JSON Normalizer
The purpose of this utility is to cleanse and normalize the JSON.
- Works for JSON with many null or empty fields and you want to remove them at any level of depth.
- Works for JSON with many field at different levels with duplicate values (but named differently).
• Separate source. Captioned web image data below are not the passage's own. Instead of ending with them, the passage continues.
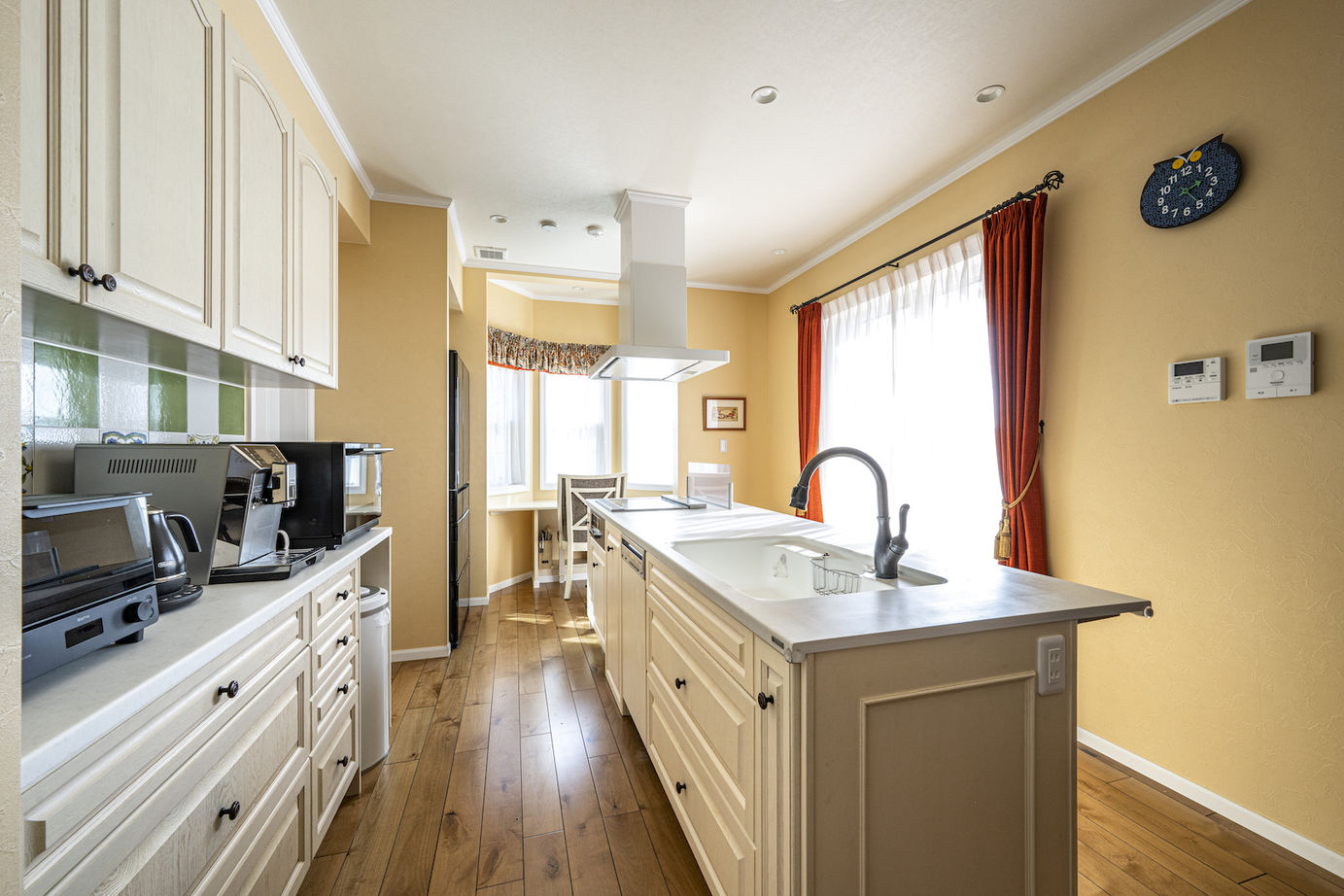 セルコホーム 【６mの吹抜け/ガレージ/パティオ/書斎/バリアフリー】こだわりのすべてを予算内で実現の建築実例画像8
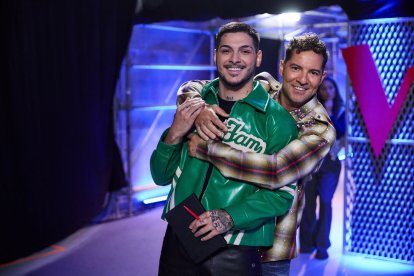 RVFV actuará en el descanso. En la imagen, con David Bisbal en 'La Voz'.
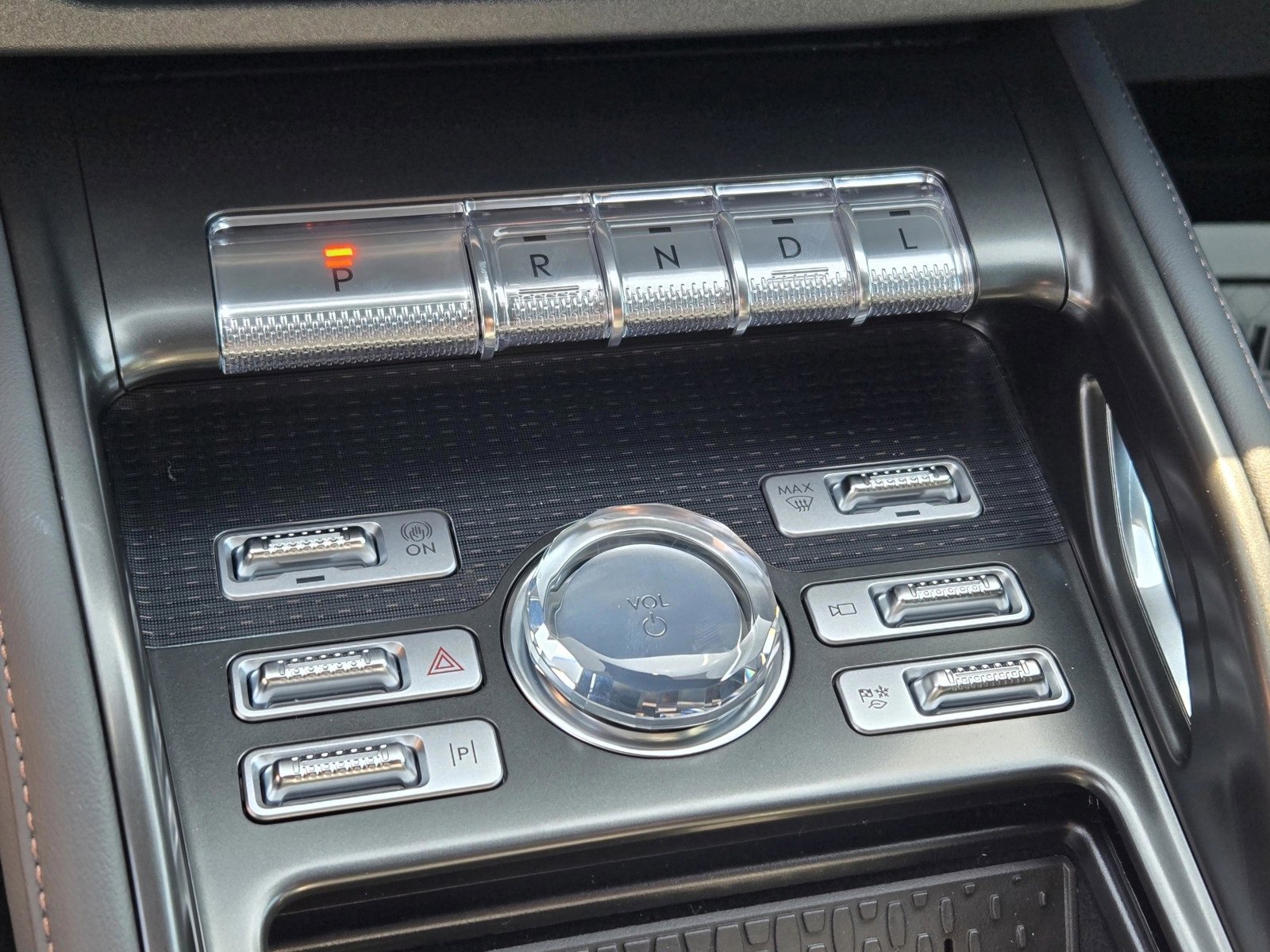 New 2025 Lincoln Nautilus Premier w/ Jet Appearance Package image 11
In this case, you want to dedupe the values and inject them into a different field dynamically created.
- Works by means of a declarative approach without writing any code.
- Works for any json with any depth.
The main motivation behind this utility is to make the JSON nice and compact to be made more usable for NOSQL stores/search engines like elasticsearch etc where you typically do not want to make your documents noisy.
Getting Started
<dependency>
<groupId>com.github.saiprasadkrishnamurthy</groupId>
<artifactId>json-normalizer</artifactId>
<version>2.3</version>
</dependency>
// To call from your code.
DocumentSettings documentNormalizationSettings = // Java representation of your config JSON (examples below).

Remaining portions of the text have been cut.